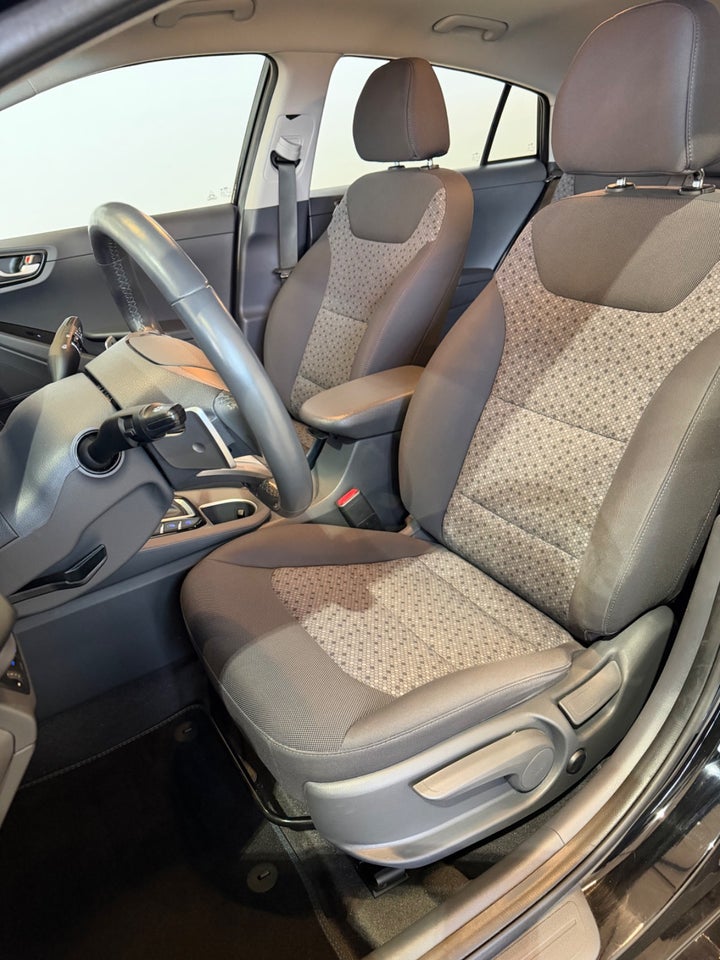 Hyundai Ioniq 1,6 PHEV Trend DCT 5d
★ ★ ★
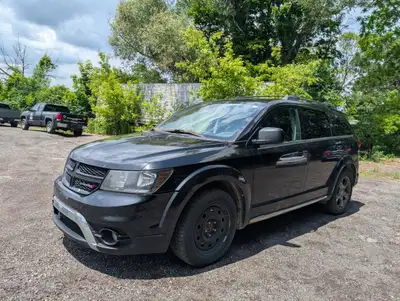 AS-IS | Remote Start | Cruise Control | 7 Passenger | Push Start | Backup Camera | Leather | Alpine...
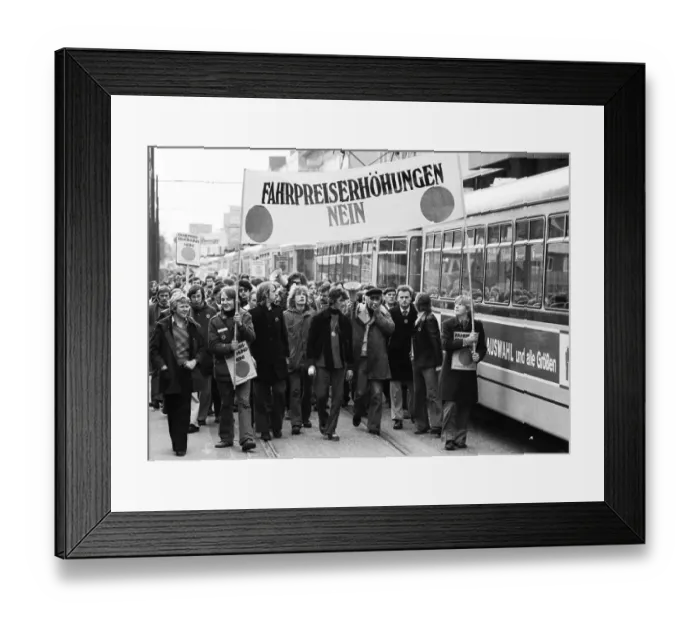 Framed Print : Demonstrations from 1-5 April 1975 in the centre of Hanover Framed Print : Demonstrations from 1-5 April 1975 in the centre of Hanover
★ ★ ★
**Exercise:**
Extract from the material above the stretch running from the line containing "AS-IS | Remote" through the line containing "of Hanover Framed". Keep the text exact and the pictures out.

**Answer below:**
 AS-IS | Remote Start | Cruise Control | 7 Passenger | Push Start | Backup Camera | Leather | Alpine...
 Framed Print : Demonstrations from 1-5 April 1975 in the centre of Hanover Framed Print : Demonstrations from 1-5 April 1975 in the centre of Hanover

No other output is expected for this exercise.